A LENDA DA ORGANIZAÇÃO "bP"

– … Será que ele não foi substituído, tia?
– Desapontadíssima, Milena. O Cristian e eu fomos colegas no ginásio, compartilhávamos bons pensamentos. Aliás, bons sentimentos a ele não faltavam. Mesmo formado em jornalismo não perdeu o título de repórter porque continuava divulgando os fatos e não embrulhando a gosto do freguês, como dizia. A queda pelo mundo da notícia já demonstrava no ginásio. Graças a ele obtivemos significativas melhorias, tanto na qualidade de ensino quanto na estrutura física do prédio escolar. Mas nos traiu, Milena. Com essa mal intencionada matéria jornalística, que fez sobre a nossa cidade, nos traiu. Agora, dificilmente teremos um porto.
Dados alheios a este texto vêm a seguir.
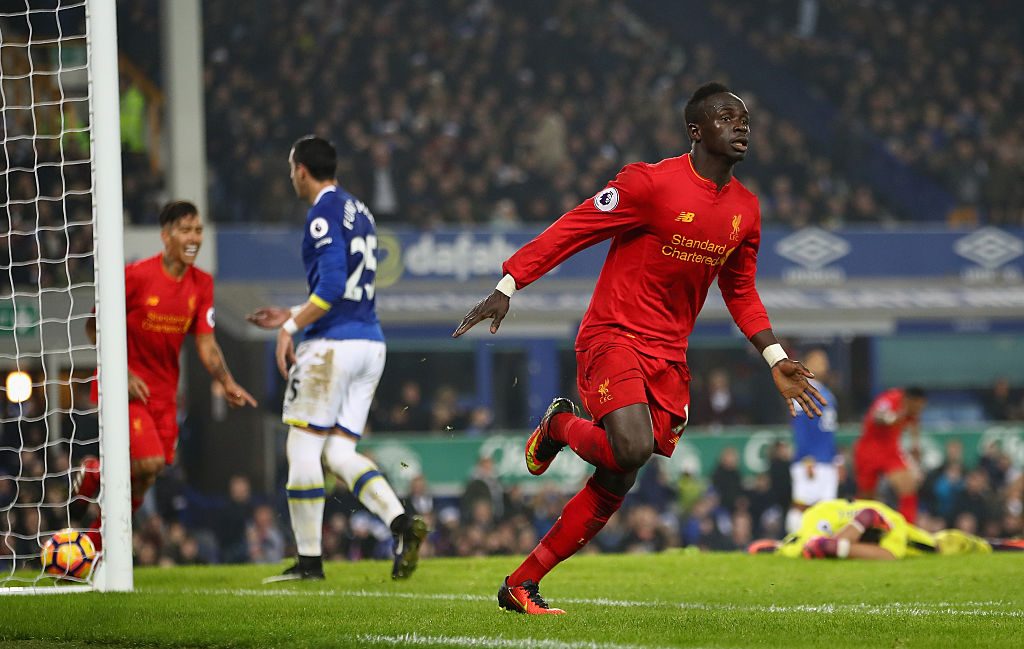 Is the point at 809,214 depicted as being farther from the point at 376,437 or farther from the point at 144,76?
the point at 144,76

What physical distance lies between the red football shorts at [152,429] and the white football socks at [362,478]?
0.91m

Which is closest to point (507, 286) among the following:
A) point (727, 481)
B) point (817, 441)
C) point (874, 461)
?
point (874, 461)

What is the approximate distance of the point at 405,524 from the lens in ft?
26.2

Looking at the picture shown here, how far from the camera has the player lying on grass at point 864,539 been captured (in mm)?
10359

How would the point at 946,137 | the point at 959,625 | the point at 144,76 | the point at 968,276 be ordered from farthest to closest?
the point at 946,137 → the point at 968,276 → the point at 144,76 → the point at 959,625

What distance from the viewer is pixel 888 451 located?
13727 millimetres

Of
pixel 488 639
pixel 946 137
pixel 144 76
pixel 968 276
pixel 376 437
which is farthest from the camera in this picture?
pixel 946 137

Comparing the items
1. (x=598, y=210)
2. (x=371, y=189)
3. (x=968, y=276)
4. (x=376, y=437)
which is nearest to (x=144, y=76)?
(x=371, y=189)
Portanto, todos nós estamos decepcionados com o comportamento de nossa traíra conterrâneo. A geografia portuária, critério mais valioso, sempre nos garantiu que teríamos um porto.
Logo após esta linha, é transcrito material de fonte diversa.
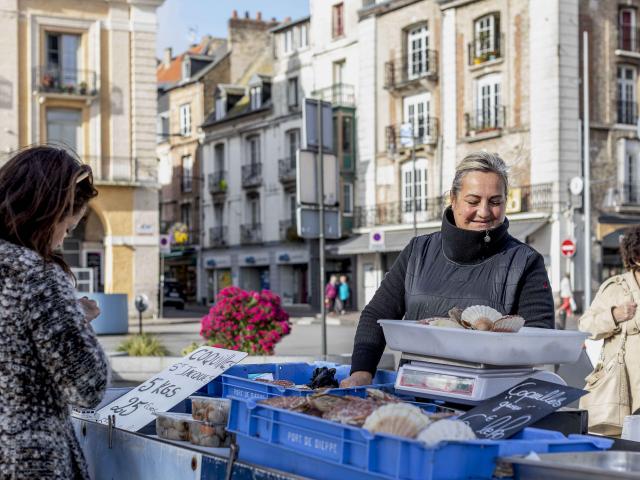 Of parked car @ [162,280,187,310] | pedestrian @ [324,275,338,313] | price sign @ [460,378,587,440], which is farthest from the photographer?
parked car @ [162,280,187,310]

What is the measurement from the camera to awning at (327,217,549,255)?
1481 inches

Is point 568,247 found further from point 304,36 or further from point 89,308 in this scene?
point 89,308

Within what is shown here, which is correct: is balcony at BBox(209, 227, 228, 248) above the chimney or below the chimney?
below

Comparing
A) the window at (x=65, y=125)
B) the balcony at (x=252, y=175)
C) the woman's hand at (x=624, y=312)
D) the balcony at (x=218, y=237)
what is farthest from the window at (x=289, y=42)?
the woman's hand at (x=624, y=312)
– Tia, diz a lenda que, num remoto tempo, ainda não havia a figura de um Deus bondoso e misericordioso para acalentar aflitos e angustiados corações, de um povo dominado por satânicos tiranos. Então, sábios sensibilizados com a situação reinante, criaram uma organização denominada “bP”, que tinha como finalidade substituir homens do mal por homens de bem. Porém, com o surgimento da figura de Deus, ou com a divulgação do seu nome, a organização “bP” entregou-lhe o comando e se retirou de cena.
– Mas, Milena…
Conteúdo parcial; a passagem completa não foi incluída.